For people who are interested in music recording, but are not experts at it, this is an excellent guide. (It would be a good refresher for those who have spent time in professional or home studios, too.) Before reading this book, I didn't appreciate how complex it is to make a great recording. The audio examples on Hodgson's website are instructive; the albums and songs he references are ones I actually like, such as Radiohead's, The Beatles', and David Bowie's "Heroes".

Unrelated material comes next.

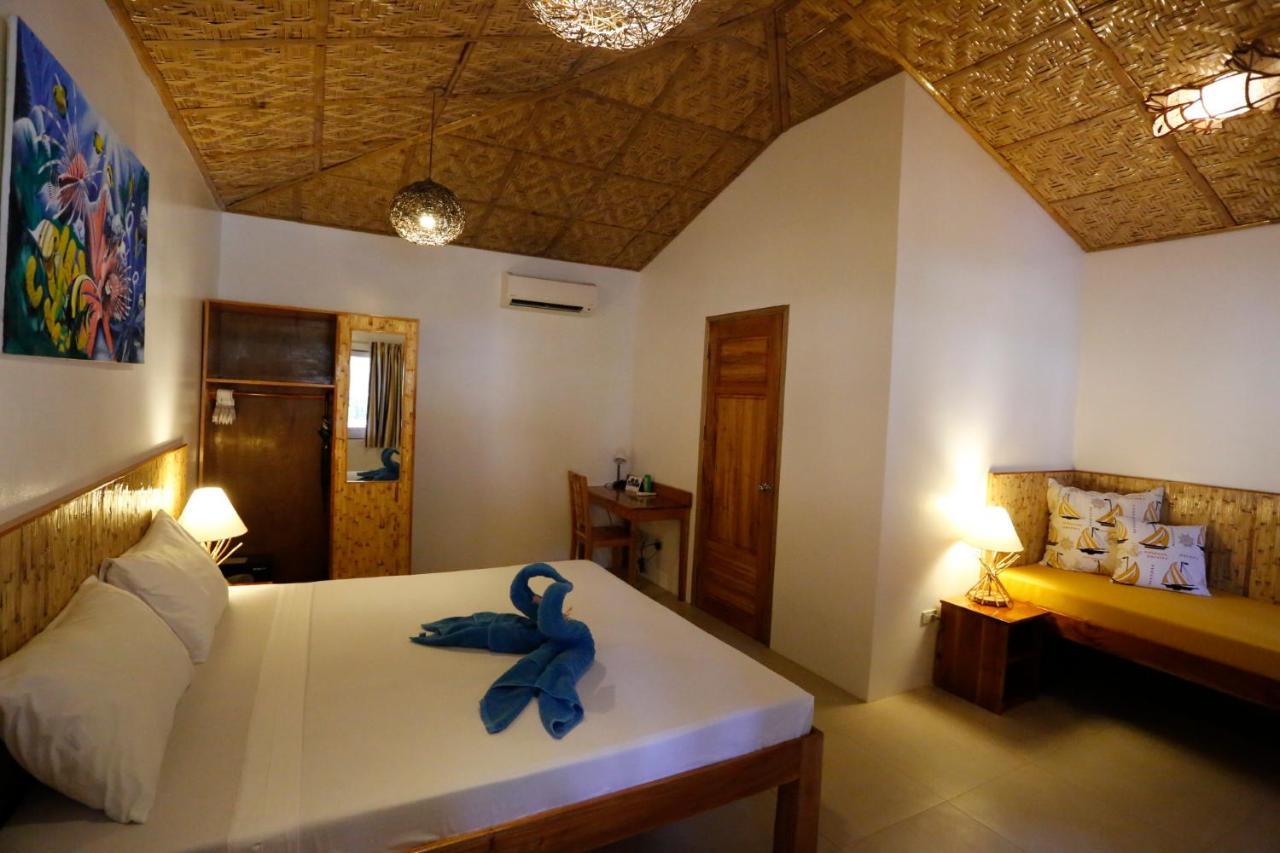 Magic Oceans Dive Resort Anda  Exterior foto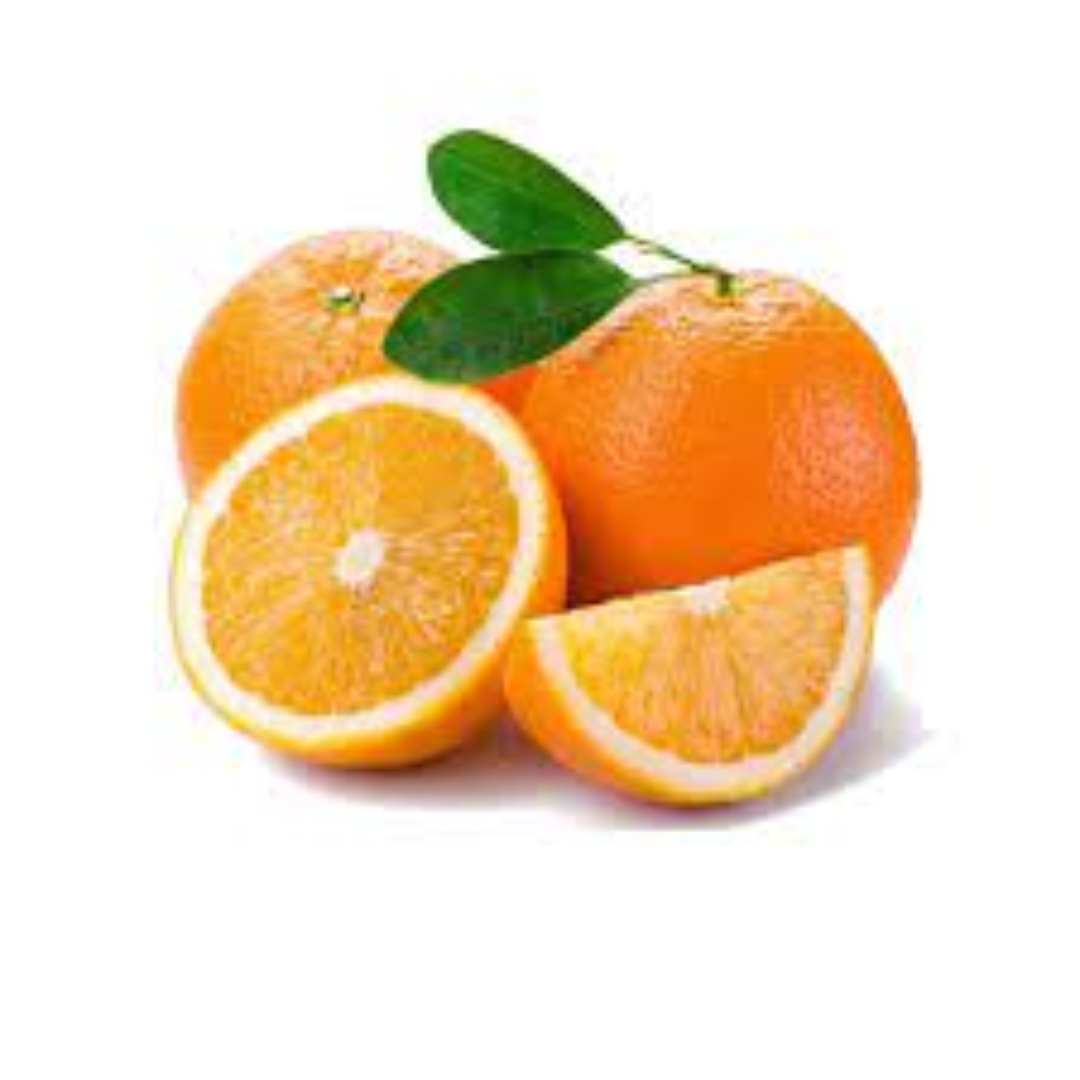 Orange For Fresh Juicy Vitamin C Boosters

I want to read the book a second time (at least) and try more things based on what I learned from it. (It's lucky that Hodgson uses Logic software in his examples, because that's what I have.) The recommended reading and bibliography sections contain great tips for digging further into the art of recording practice (I read a bunch of stuff on Sound On Sound's website after getting to the end of this book). This text is a great leaping-off point for learning all about recording, mixing, mastering and so on, but it's also just a great tool for better appreciating what one hears in different recorded songs. I loved reading about the recording of "Heroes" and learning to pick out the distortion pedal triggering in "(I Can't Get No) Satisfaction".
This title by Jay Hodgson is an excellent treatise, and it even helps me hold my own in conversations with people who have lots of experience and degrees in audio engineering. This could be the only book you need to satisfy an interest in learning about recording practice, or it could be the beginning of a life of learning and becoming involved in the process yourself!
P.S. Recommended even more if you, like me, enjoy the 33 1/3 series of books (which I believe are from the same publisher).